As our leaders in Washington know, something’s got to give when it comes to higher education. Both sides of the aisle have marched their preferred program up the steps to the guillotine, and we’re waiting to see which one gets a nice shave.
On one hand, President Obama is considering eliminating the subsidized interest on government-subsidized student loans, increasing the amount college students would need to pay back over the course of their loans. At first, this proposal would only affect graduate students — who, as you may know, are already strapped for cash — but it could later be expanded to include everyone who receives a federal student loan.
On the other hand, House Republicans favor a measure to cut spending by scaling back the amount of money distributed via Pell grants.
They propose reducing the maximum amount for the award to $4,705 — a drop of 15 percent from the current maximum of $5,550.

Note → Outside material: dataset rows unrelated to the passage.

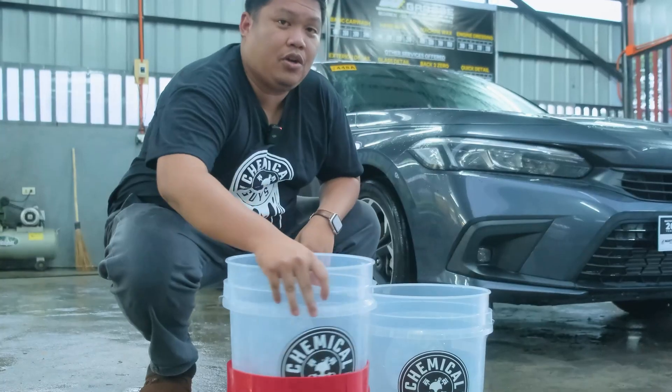After soaping the car and it's soaking wet, make sure the dirty mitten goes into the dirty bucket. Compress it to release all the water and dirt. What's great about this bucket is the dirt pad collects all the dirt and debris from your mitten — it sinks underneath the pad, not back into the water. So even in the dirty bucket, dirt won't transfer back onto the mitten. Going back to the clean bucket, you have peace of mind that the mitten is 100% clean and ready for soaping again.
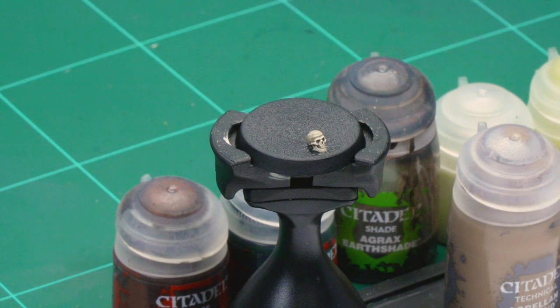Nothing quite says Nurgle like a rancid swamp base, and in this video we're going to show you how to do exactly that on your miniatures. This technique works best on a base with a model already attached, but for the purposes of this video we've got a spare base to make it super clear for you guys at home.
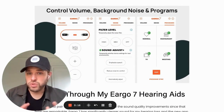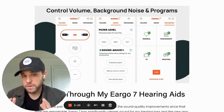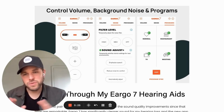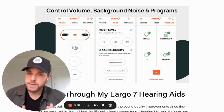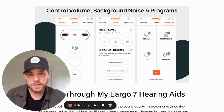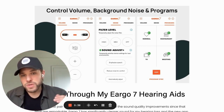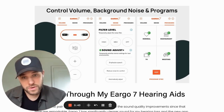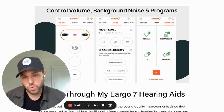The second screen controls noise — you have a couple of options: filter background noise high, medium, or off. I liked medium or high personally, to reduce static and background noise in my environment, though some people prefer a more open sound. Within sound adjust, you can emphasize speech, reduce noise, reduce noise for comfort, or put it in an automatic setting and let the hearing aids do the work for you.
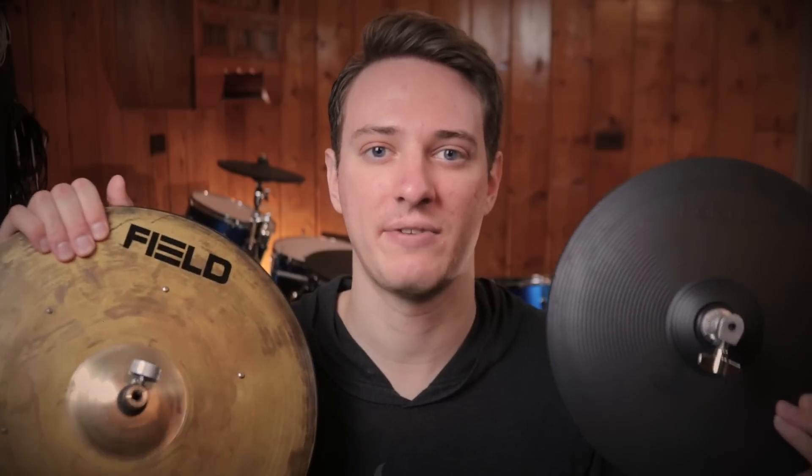Hey, what's up? Justin here, and welcome back to 65 Drums. Both of these hi-hats have had a similar problem: the bozone slowly became less and less sensitive. The good news is, fixing an electronic drum pad is not like brain surgery or anything.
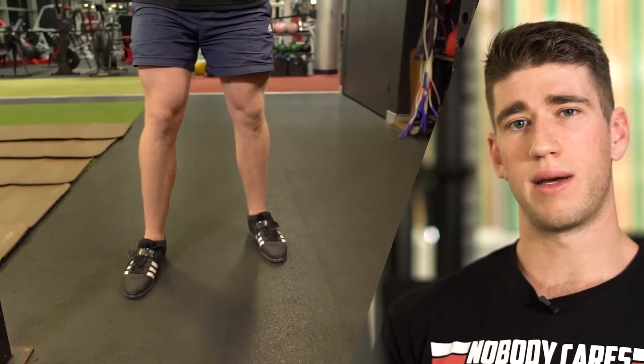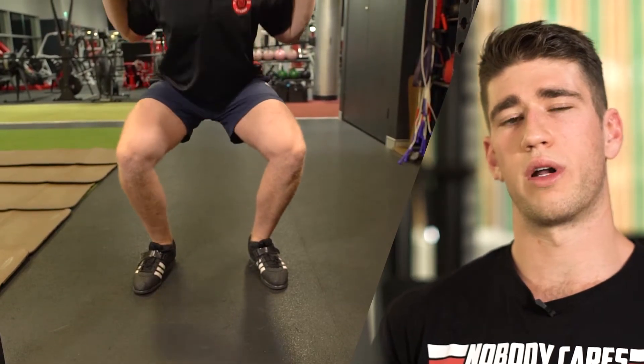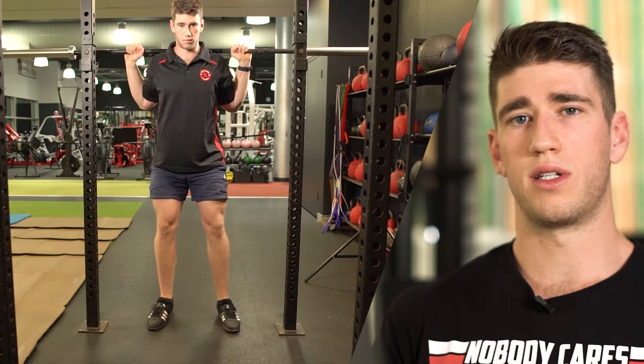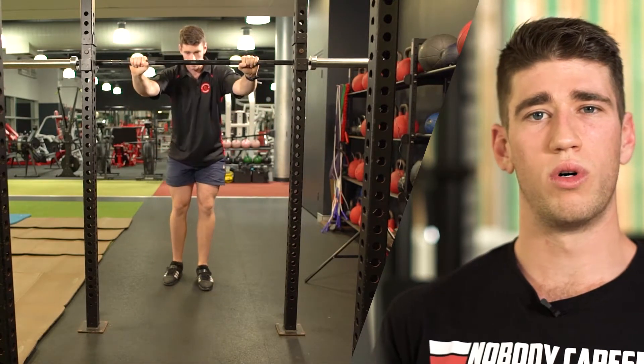We're going to complete a three-step walkout and find a nice comfortable foot position to begin squatting. As we come back up, we're going to use this repetition as a guide, and as you see me walking into the J hook, I'm making sure that the bar sits nice and tight in the middle of the hook. This is going to prevent us from having to wobble or awkwardly re-rack the bar, which could result in an unsafe squat.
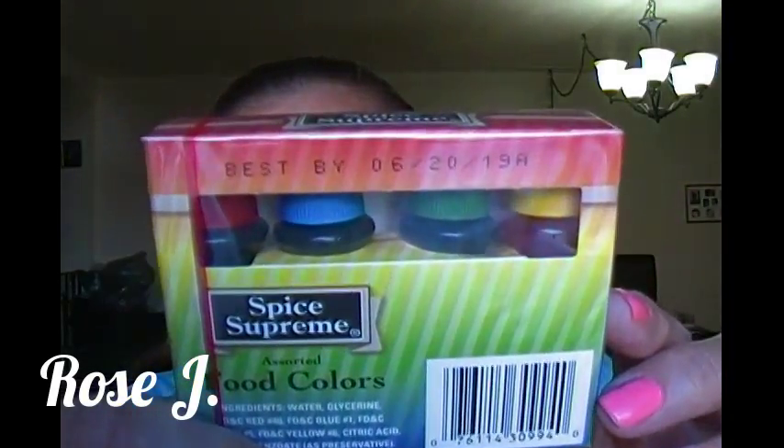I picked up a box of this Spice Supreme food colors and this is a liquid one. I need that — the holidays are coming up and everything. You guys will see in future upcoming videos.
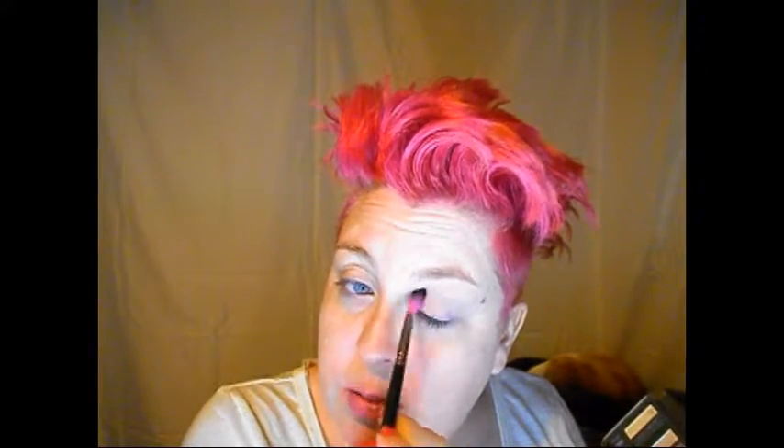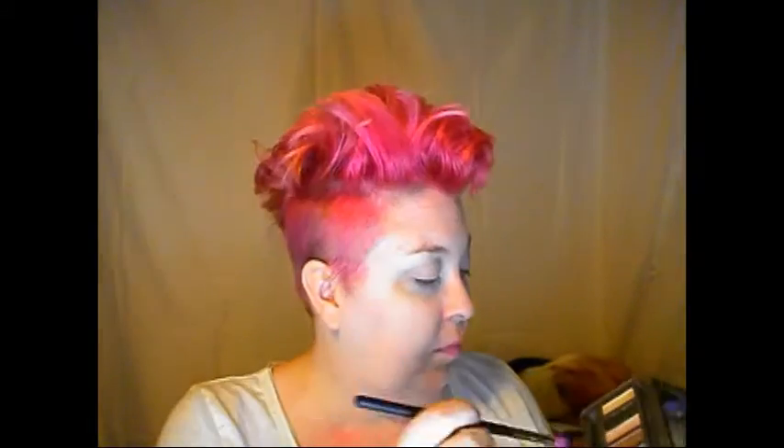Today we are going to be doing more of a work look. I'm going to go in next with the color Tease. I like this shade — it works really good as a transition shade. Just work this into the crease. This is one of my favorites, one of my go-to colors in this palette. Just work it into your crease.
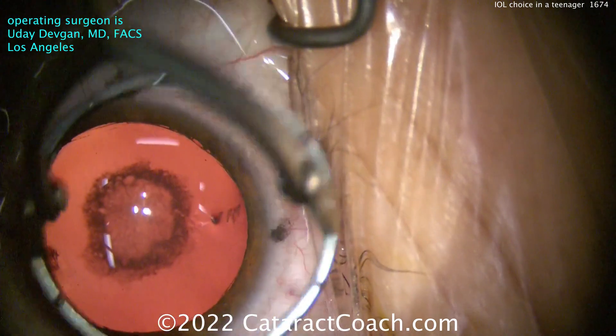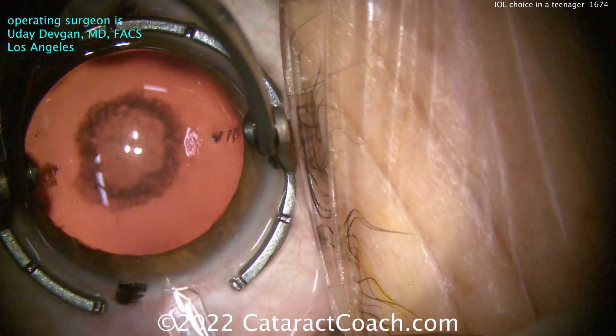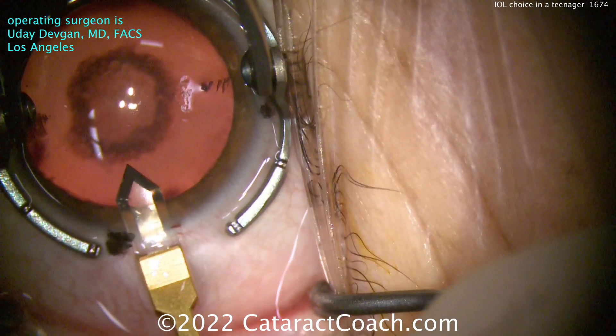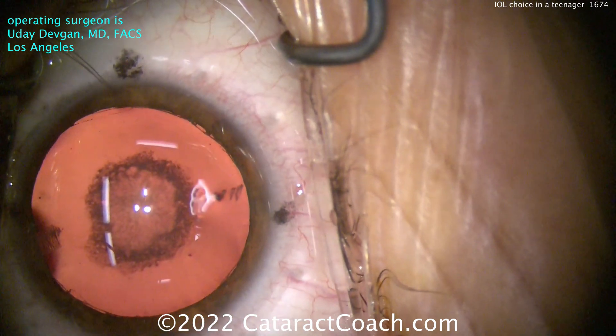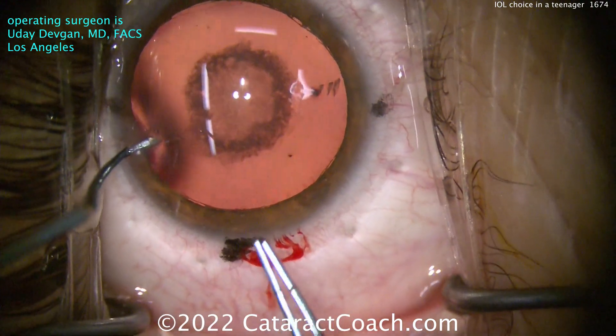There are a couple of eyelashes on the top left of your screen — I see them. We had a hard time putting drapes on this patient because the patient was very nervous. There's the incision — we're making that incision now. That's a tiny diamond blade. We're going to expand the incision to about 2.2 millimeters wide. The patient has the same kind of cataract in both eyes, so the patient is definitely going to need both eyes done.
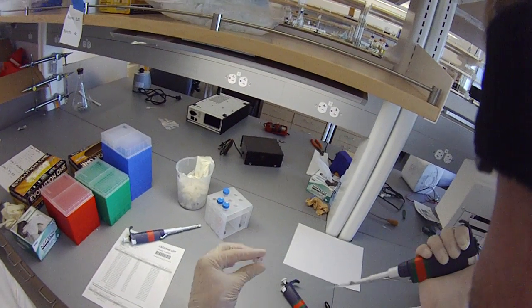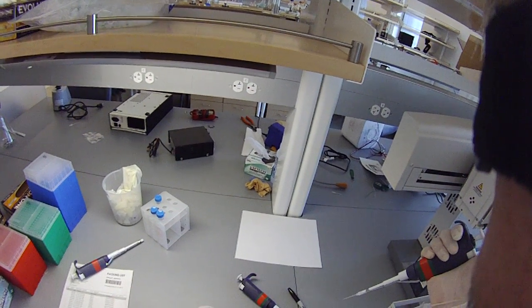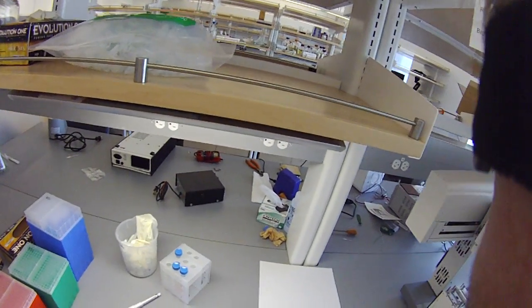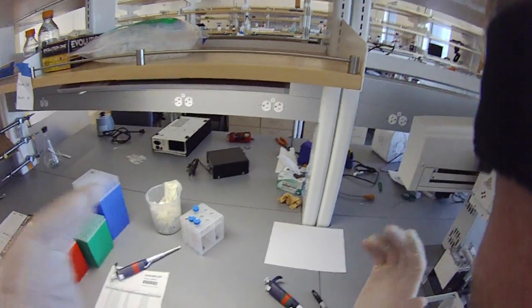I just pipette it up and down so that I don't have to shake it — that'll be sufficient mixing for this. So now we just need to do the 10 microliters. Good.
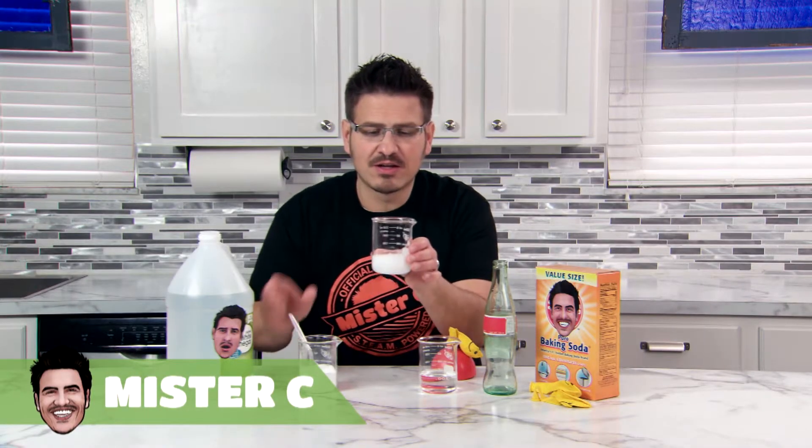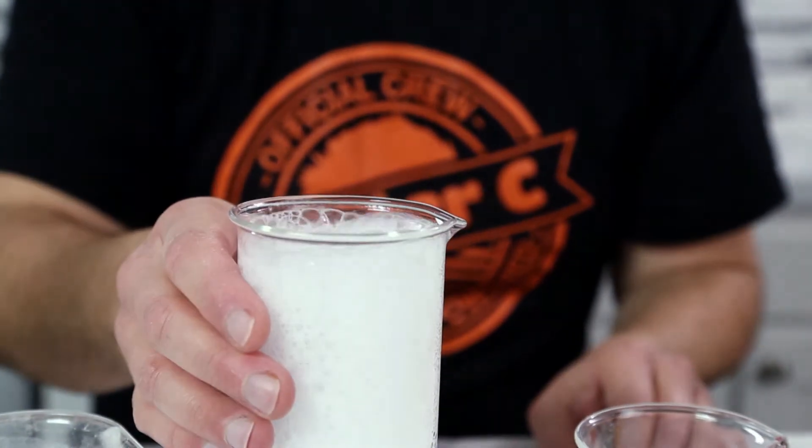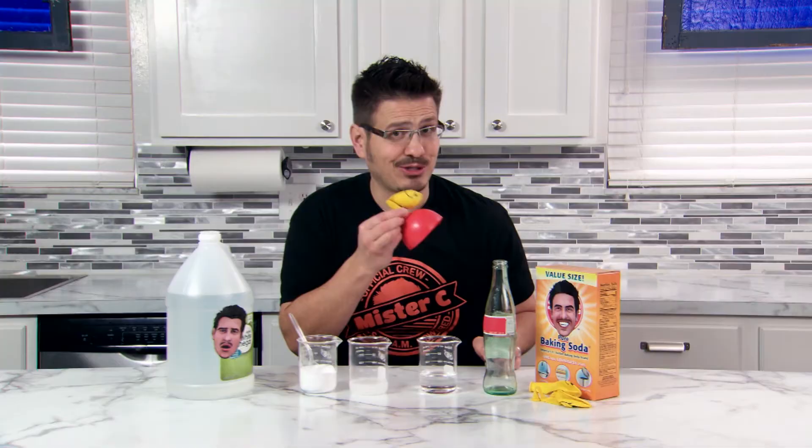When we mix baking soda with vinegar, we create a chemical reaction. It produces gas — carbon dioxide. It's really difficult to see carbon dioxide because the gas is colorless. So let's try to capture the gas in something like a balloon.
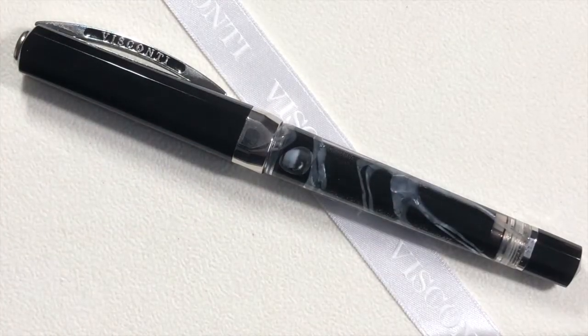So there you have it — the Visconti Opera Silverdust. Thanks for watching and I'll see you later. Bye.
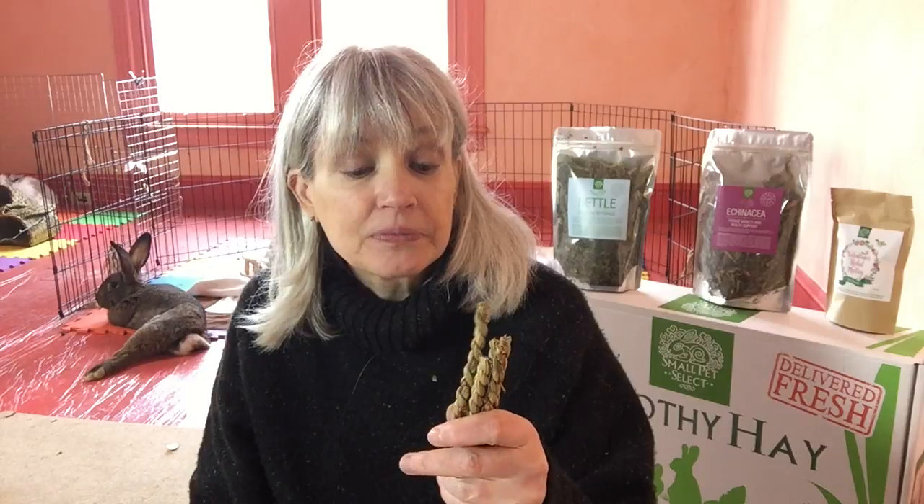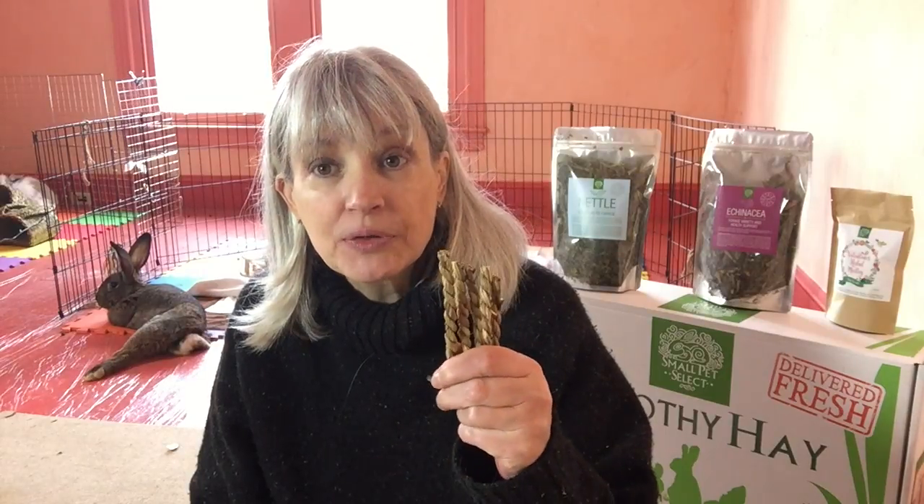I recommend having them around just in case for those times. They are of course perfectly natural, made by hand — no artificial anything.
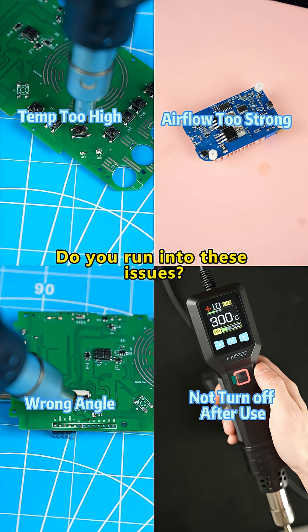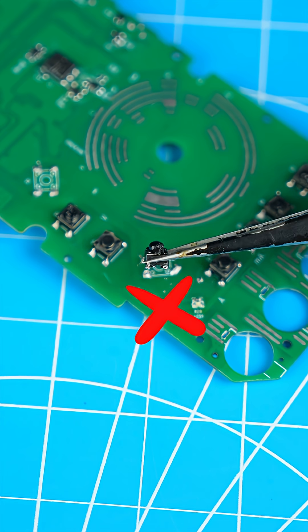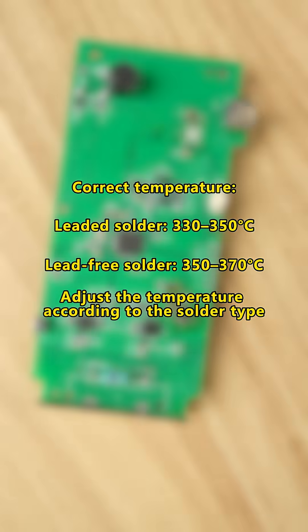Using a hot air gun, do you run into these issues? Temperature too high can damage pads and components. The correct temperature for leaded solder is 330–350°C, and for lead-free solder, 350–370°C. Adjust the temperature according to the solder type.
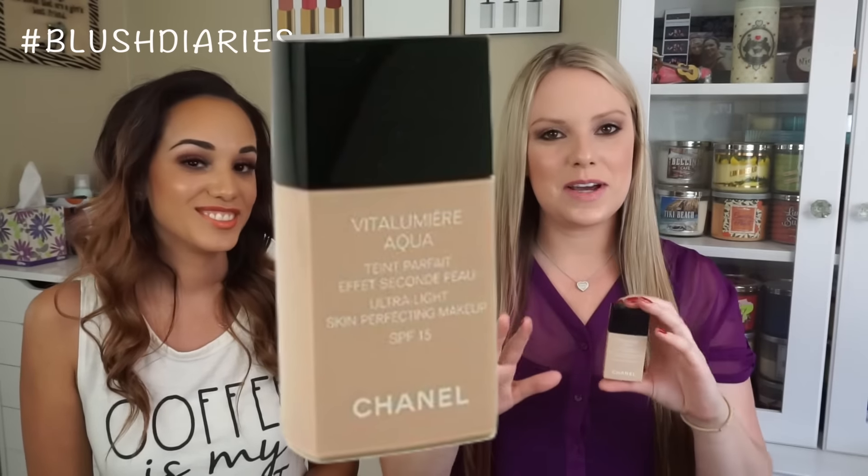The closest one I have to that is the Chanel Vitalumière Aqua. I have really super oily skin — I think you have dry skin, right? So we have different skin types but there's still some overlap. This is my no-makeup makeup foundation. I apply it with my fingertips. It's water-based so you shake it up — there's a little ball in it and you squirt it out. It's almost like a moisturizer but with great coverage and it smells really, really good.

Both of these programs are targeted at students already struggling to get a higher education: The subsidized amount of a federal loan is determined by a student’s FAFSA, as is the Pell grant.
The difference between the two is what income bracket they help most.
The federal loans help a wide range of students, with 69 percent of those with subsidized loans coming from households making less than $50,000 a year.
In contrast, the Pell grants are specifically designed to lend a hand to the poorest students, with 97 percent of the recipients coming from households with incomes less than $50,000 a year.
If we had to pick one to cut, it’d be a difficult decision, especially for people who understand how hard it is for many college students to make it through college without incurring massive debt. If pressed, however, we’d have to side with the president on this matter.
We don’t understand how it seems more feasible to scale back help to those who need it most.
This is especially true when we are presented a viable second option which involves spreading the costs around considerably more.
Some of us have student loans, and the last thing we want to see is our interest rates increase. However, if we have to pay a bit more on these loans in exchange for giving underprivileged students a chance to succeed and break the vicious cycle of poverty, we’ll fork the cash over.
We’re still questioning the president on some points of his decision, however. The fact that he has done a 180 on interest rates hasn’t escaped us: The federally subsidized student loan rate will slide down to 3.4 percent on July 1, but Obama would have it double to 6.8 in 2012.
We also wonder why the change has to start with the graduate students, who have notoriously unstable financial lives.
Both choices have their downsides, but that’s always the case with budget cuts.
Whatever decision gets made, we’re prepared for the uproar afterward.
Or at least an uptick in angry letters.